Amazon and Flipkart escalate credit push in India, targeting merchants and consumers
Reuters reported that Amazon is preparing to expand lending to merchants and small businesses in India while Flipkart is exploring buy now pay later and personal credit lines, moves that could reshape consumer finance and small business credit in the country. The expansion matters because it leverages platform data to underwrite loans, intensifies competition with banks and NBFCs, and may draw fresh regulatory scrutiny.

Reuters reported on November 28 that Amazon is preparing to broaden lending to merchants and small businesses in India after acquiring fintech and credit assets earlier in the year, while Flipkart is exploring an expansion of buy now pay later services and personal credit lines. The developments mark a sharper turn by the two largest e commerce platforms toward embedding finance in commerce, with implications for credit access, incumbent lenders, and regulators.
Amazon’s Bengaluru based non bank lender, Axio, is being repositioned to offer more small business lending and cash management tools for merchants outside the biggest cities, according to the reporting. Flipkart’s plans center on consumer facing products, with a push into BNPL and personal credit lines aimed at increasing checkout conversion and consumer spending on its platform. Both moves build on existing investments in payments and lending infrastructure by the platforms earlier this decade.
Platform led credit can expand access in parts of India where formal lending has traditionally lagged. E commerce marketplaces collect rich transaction and behavioral data on merchants and shoppers, which can be used to underwrite small ticket working capital loans and short term consumer finance more quickly than traditional credit underwriting cycles. Extending Axio’s remit to smaller cities and towns could lower borrowing costs and reduce reliance on informal credit for many merchants, while BNPL products can boost consumption among price sensitive customers.
The shift also raises competitive and systemic questions. Banks and non bank finance companies will face pressure on margins and market share as platforms cross sell credit alongside goods and payments. Platform lenders often operate at scale with low customer acquisition costs and large data troves, creating a business model advantage that may concentrate lending in a handful of digital ecosystems. That dynamic could compress spreads for incumbents, push some smaller NBFCs to specialize, and accelerate consolidation in the sector.

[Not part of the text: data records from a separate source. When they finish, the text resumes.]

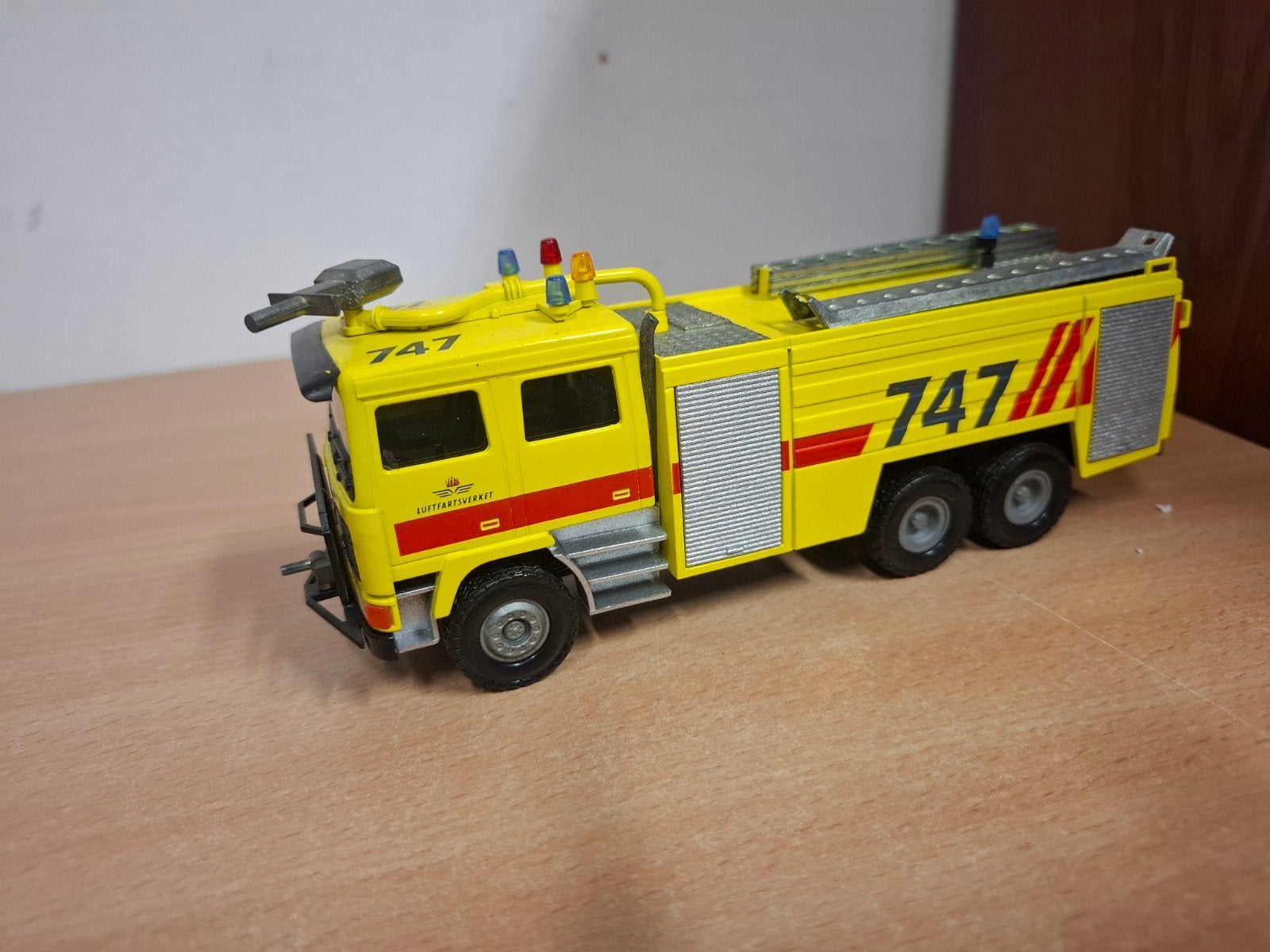 volvo f12 blusvoertuig Crashtender Conrad 1:50, Hobby en Vrije tijd, Ophalen of Verzenden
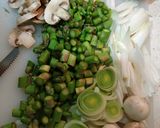 Foto del paso 2 de la receta: 🍝Pasta con setas shitaki y espárragos🍝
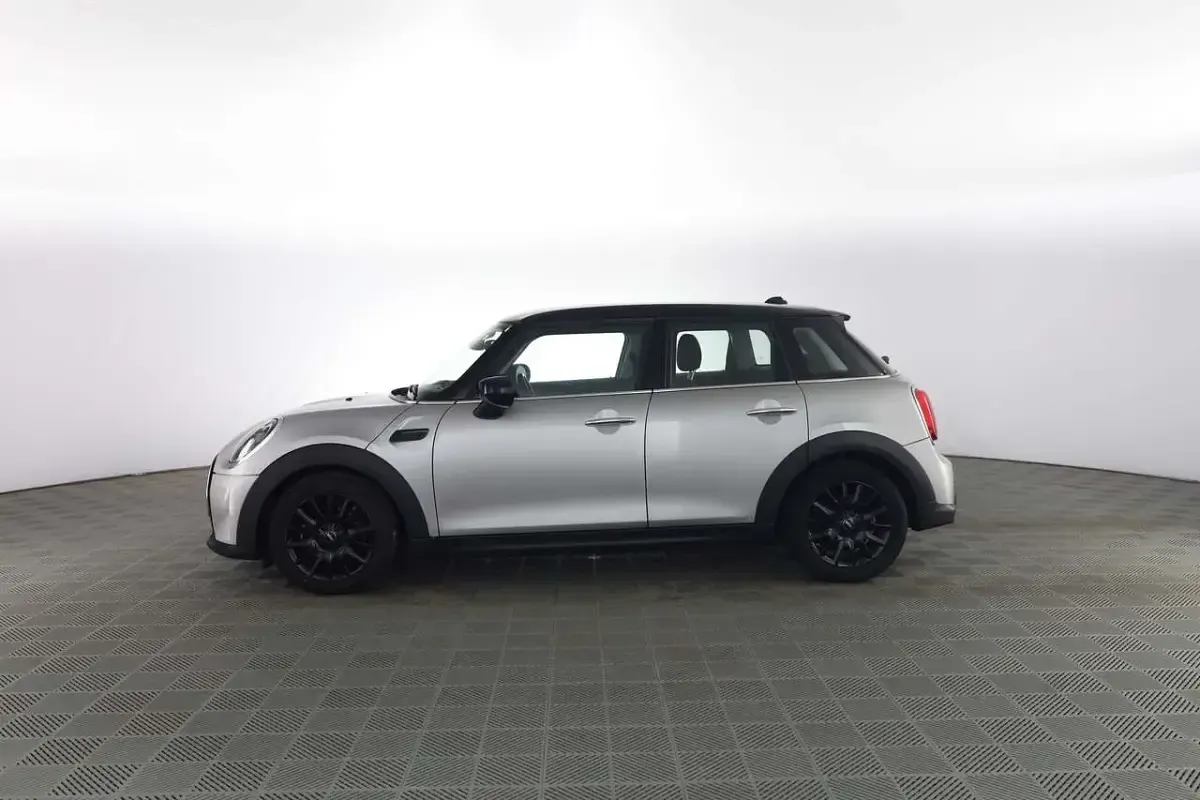 Usata Mini Cooper Classic 136 CV (100 kW) 2023 Melting silver iii con tetto n Utilitaria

Regulatory oversight will be central. The Reserve Bank of India oversees NBFC licensing and has issued digital lending guidelines in recent years aimed at fair practices, transparency and borrower protection. Platform expansion into consumer and merchant credit could invite closer scrutiny from the RBI and competition authorities, particularly around data use, cross subsidization of finance by e commerce revenue, and disclosure standards for BNPL products.
Longer term, the moves by Amazon and Flipkart reflect a global trend of platformization of finance, where commerce firms embed financial services to increase lifetime value and control of customer relationships. For India, the potential upside is greater financial inclusion and efficiency in small business finance. The trade off will be the need for vigilant regulation to manage concentration risks and protect consumers from over extension of credit. As platform lenders scale, policymakers will have to balance innovation and inclusion with systemic safeguards for a credit market that is rapidly reconfiguring around digital ecosystems.